Start of Exercise data

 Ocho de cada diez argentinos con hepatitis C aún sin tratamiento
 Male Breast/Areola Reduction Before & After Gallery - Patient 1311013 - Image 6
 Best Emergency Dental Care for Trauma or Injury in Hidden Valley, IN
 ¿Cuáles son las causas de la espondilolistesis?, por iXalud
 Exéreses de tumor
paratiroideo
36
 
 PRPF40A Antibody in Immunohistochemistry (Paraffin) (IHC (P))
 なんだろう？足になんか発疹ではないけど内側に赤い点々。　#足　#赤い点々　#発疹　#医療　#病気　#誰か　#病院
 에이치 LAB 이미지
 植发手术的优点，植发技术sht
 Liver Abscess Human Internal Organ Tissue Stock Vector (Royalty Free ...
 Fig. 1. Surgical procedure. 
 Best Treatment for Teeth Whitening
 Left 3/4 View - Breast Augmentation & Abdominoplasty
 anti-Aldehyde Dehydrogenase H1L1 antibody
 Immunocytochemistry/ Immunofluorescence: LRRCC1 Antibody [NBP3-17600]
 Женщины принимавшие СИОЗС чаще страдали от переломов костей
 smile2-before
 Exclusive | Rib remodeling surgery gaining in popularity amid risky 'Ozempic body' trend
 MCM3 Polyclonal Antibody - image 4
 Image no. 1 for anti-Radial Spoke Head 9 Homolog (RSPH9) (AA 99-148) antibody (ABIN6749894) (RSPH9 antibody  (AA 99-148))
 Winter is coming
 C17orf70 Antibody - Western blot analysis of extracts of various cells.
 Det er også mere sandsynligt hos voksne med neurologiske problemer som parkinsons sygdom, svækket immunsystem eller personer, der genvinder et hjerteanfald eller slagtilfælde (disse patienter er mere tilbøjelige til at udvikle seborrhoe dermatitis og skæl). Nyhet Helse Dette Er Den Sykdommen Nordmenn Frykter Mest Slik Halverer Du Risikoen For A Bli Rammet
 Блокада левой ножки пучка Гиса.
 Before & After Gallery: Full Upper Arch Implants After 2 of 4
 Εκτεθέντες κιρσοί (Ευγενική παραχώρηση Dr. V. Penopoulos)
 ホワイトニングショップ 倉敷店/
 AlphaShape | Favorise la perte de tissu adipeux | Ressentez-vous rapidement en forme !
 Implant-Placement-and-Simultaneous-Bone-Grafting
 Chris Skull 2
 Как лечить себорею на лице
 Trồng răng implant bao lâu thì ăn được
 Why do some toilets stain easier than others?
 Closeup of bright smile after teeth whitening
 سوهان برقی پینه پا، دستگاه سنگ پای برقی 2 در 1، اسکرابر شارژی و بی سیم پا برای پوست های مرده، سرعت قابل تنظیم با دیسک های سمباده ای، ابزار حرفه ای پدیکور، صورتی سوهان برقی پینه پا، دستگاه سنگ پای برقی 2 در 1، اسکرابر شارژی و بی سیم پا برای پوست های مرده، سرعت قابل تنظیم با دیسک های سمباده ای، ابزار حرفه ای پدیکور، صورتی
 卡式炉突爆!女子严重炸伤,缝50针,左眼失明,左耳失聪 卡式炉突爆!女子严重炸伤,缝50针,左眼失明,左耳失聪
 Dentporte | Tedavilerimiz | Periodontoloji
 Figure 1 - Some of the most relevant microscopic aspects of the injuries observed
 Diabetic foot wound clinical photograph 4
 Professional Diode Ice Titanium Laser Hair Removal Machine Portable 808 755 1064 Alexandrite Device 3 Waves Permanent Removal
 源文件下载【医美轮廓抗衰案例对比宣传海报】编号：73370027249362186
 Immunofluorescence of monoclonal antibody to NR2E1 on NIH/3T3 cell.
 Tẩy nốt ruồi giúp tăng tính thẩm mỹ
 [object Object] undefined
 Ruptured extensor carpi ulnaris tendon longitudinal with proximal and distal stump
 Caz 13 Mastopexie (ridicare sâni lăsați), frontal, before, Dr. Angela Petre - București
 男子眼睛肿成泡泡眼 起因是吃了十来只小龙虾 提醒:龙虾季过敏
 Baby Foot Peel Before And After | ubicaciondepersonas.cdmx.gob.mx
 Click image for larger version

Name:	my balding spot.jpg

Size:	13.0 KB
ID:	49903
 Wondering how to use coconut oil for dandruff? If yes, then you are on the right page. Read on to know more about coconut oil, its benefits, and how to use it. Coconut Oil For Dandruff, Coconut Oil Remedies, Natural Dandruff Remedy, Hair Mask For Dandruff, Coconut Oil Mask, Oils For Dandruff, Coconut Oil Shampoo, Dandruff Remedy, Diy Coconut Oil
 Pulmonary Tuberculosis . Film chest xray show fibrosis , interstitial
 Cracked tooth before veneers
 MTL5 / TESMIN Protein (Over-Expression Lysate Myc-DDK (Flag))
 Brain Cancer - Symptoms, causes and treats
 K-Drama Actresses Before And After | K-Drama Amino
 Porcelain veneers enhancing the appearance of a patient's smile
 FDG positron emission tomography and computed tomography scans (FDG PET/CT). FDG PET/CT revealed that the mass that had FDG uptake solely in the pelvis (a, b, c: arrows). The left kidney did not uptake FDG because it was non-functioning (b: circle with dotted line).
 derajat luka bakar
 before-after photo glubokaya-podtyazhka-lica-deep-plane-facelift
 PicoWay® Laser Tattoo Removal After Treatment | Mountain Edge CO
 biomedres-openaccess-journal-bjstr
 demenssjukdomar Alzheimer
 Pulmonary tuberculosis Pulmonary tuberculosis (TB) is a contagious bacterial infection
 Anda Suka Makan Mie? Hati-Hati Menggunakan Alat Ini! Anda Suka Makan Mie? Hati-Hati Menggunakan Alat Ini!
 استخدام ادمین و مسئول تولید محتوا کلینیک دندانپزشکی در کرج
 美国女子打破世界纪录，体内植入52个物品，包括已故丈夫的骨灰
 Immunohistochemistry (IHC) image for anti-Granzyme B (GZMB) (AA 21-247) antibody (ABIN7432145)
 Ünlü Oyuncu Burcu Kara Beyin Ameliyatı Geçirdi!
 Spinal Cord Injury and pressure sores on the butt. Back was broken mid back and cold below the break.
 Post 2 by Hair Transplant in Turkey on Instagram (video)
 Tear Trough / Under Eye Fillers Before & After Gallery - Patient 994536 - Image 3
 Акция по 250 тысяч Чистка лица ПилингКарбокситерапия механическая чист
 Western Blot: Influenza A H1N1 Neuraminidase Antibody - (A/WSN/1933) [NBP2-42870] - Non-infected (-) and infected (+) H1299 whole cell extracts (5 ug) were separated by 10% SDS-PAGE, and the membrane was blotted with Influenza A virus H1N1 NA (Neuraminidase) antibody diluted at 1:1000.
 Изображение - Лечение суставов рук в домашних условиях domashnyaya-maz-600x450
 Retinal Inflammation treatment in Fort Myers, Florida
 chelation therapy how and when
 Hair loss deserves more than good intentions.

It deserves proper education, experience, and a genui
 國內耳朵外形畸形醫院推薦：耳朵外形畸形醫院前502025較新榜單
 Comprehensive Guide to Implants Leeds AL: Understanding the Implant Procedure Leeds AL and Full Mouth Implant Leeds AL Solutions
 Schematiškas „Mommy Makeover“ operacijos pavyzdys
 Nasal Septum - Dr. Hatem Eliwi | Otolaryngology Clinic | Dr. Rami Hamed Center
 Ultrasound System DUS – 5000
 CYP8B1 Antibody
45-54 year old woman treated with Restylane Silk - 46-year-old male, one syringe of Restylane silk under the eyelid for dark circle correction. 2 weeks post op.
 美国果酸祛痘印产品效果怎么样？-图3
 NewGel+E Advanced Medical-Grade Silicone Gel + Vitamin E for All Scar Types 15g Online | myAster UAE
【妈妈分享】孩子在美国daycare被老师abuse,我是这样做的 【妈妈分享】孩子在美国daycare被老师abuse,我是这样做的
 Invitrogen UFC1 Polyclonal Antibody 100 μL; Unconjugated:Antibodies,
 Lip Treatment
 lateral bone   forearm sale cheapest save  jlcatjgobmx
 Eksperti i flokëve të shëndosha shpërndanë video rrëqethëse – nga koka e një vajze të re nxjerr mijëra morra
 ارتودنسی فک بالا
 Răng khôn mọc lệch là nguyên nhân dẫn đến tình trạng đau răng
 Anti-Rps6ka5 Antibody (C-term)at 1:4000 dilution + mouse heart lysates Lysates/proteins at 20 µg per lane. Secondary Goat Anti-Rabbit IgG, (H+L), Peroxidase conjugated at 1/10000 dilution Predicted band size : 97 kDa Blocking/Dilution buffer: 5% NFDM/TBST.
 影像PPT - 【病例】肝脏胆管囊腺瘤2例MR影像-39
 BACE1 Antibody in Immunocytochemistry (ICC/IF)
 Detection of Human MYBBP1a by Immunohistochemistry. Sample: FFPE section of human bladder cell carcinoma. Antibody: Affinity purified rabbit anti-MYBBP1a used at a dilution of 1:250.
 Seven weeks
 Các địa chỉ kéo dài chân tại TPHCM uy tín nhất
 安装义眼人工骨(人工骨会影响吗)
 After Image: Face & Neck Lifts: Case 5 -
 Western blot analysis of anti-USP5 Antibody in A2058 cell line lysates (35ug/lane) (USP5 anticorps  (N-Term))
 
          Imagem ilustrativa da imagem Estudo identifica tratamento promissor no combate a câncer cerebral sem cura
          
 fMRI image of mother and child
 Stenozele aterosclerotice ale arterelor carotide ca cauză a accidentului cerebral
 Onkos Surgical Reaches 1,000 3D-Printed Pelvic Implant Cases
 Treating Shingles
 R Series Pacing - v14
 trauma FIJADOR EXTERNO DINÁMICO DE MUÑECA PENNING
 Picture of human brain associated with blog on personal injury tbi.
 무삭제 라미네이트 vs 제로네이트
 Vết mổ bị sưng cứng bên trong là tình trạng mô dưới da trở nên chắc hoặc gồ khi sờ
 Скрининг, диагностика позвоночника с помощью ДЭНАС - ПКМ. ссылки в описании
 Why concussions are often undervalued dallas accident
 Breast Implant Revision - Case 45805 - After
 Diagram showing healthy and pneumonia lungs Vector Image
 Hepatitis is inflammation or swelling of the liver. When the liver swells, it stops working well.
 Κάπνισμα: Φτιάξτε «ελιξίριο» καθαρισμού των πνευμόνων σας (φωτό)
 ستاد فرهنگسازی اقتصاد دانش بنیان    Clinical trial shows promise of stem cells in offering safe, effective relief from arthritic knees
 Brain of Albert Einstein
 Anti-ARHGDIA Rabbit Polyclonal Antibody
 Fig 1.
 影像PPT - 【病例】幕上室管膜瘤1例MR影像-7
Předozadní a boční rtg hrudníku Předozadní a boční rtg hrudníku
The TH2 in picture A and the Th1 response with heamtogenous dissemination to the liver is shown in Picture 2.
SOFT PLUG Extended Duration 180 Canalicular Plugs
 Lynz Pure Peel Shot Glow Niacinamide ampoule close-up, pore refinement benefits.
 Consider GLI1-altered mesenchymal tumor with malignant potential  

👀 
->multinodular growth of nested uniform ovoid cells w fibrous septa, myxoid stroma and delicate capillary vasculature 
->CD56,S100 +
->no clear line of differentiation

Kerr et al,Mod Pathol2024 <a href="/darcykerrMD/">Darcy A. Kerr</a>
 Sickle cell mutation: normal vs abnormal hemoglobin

End of Exercise data

* About this exercise *
Only the lines from the beginning of the data above through the line containing "ホワイトニングショップ 倉敷店/" should be repeated, exactly as they appear.

* Answer space *
 Ocho de cada diez argentinos con hepatitis C aún sin tratamiento
 Male Breast/Areola Reduction Before & After Gallery - Patient 1311013 - Image 6
 Best Emergency Dental Care for Trauma or Injury in Hidden Valley, IN
 ¿Cuáles son las causas de la espondilolistesis?, por iXalud
 Exéreses de tumor
paratiroideo
36
 
 PRPF40A Antibody in Immunohistochemistry (Paraffin) (IHC (P))
 なんだろう？足になんか発疹ではないけど内側に赤い点々。　#足　#赤い点々　#発疹　#医療　#病気　#誰か　#病院
 에이치 LAB 이미지
 植发手术的优点，植发技术sht
 Liver Abscess Human Internal Organ Tissue Stock Vector (Royalty Free ...
 Fig. 1. Surgical procedure. 
 Best Treatment for Teeth Whitening
 Left 3/4 View - Breast Augmentation & Abdominoplasty
 anti-Aldehyde Dehydrogenase H1L1 antibody
 Immunocytochemistry/ Immunofluorescence: LRRCC1 Antibody [NBP3-17600]
 Женщины принимавшие СИОЗС чаще страдали от переломов костей
 smile2-before
 Exclusive | Rib remodeling surgery gaining in popularity amid risky 'Ozempic body' trend
 MCM3 Polyclonal Antibody - image 4
 Image no. 1 for anti-Radial Spoke Head 9 Homolog (RSPH9) (AA 99-148) antibody (ABIN6749894) (RSPH9 antibody  (AA 99-148))
 Winter is coming
 C17orf70 Antibody - Western blot analysis of extracts of various cells.
 Det er også mere sandsynligt hos voksne med neurologiske problemer som parkinsons sygdom, svækket immunsystem eller personer, der genvinder et hjerteanfald eller slagtilfælde (disse patienter er mere tilbøjelige til at udvikle seborrhoe dermatitis og skæl). Nyhet Helse Dette Er Den Sykdommen Nordmenn Frykter Mest Slik Halverer Du Risikoen For A Bli Rammet
 Блокада левой ножки пучка Гиса.
 Before & After Gallery: Full Upper Arch Implants After 2 of 4
 Εκτεθέντες κιρσοί (Ευγενική παραχώρηση Dr. V. Penopoulos)
 ホワイトニングショップ 倉敷店/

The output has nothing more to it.